**Task goal:**
Reproduce the section of the listing that begins at the line containing "Black Bean and" and finishes at the line containing "2025年有没有不验证运营商的网贷软件，公布5个最新黑户贷款马上下款的口子". Include both end lines and nothing beyond them.

**Data provided:**
▬▬▬

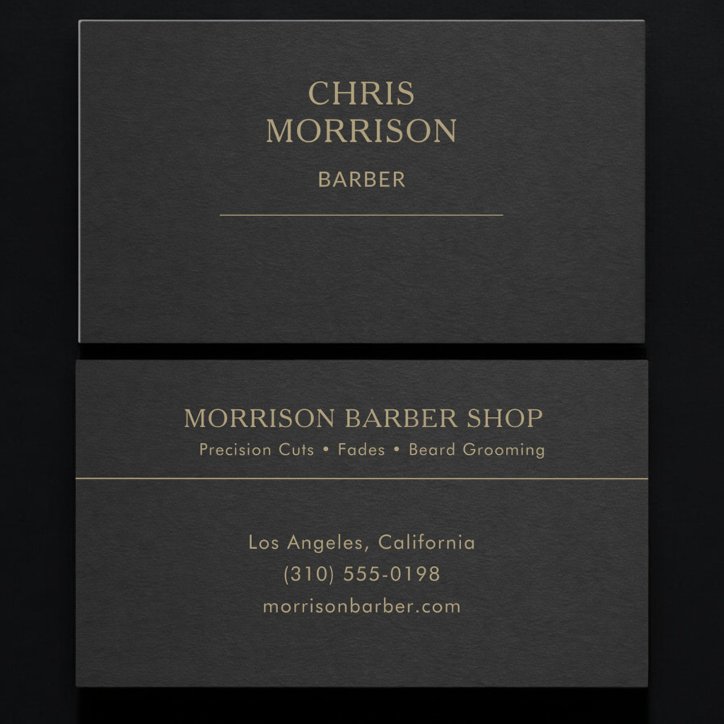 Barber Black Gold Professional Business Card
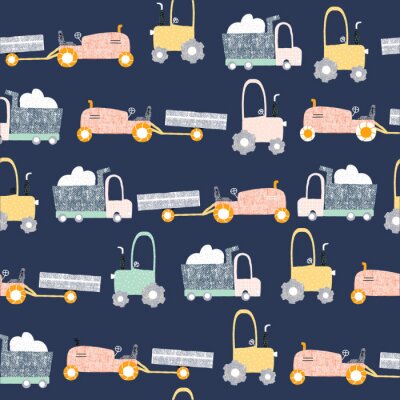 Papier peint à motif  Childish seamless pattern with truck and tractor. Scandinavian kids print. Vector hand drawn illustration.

▬▬▬

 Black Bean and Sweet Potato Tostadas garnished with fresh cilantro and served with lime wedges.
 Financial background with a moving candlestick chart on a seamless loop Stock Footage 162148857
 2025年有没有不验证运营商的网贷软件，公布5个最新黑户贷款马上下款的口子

▬▬▬

**Reply to the task:**
 Black Bean and Sweet Potato Tostadas garnished with fresh cilantro and served with lime wedges.
 Financial background with a moving candlestick chart on a seamless loop Stock Footage 162148857
 2025年有没有不验证运营商的网贷软件，公布5个最新黑户贷款马上下款的口子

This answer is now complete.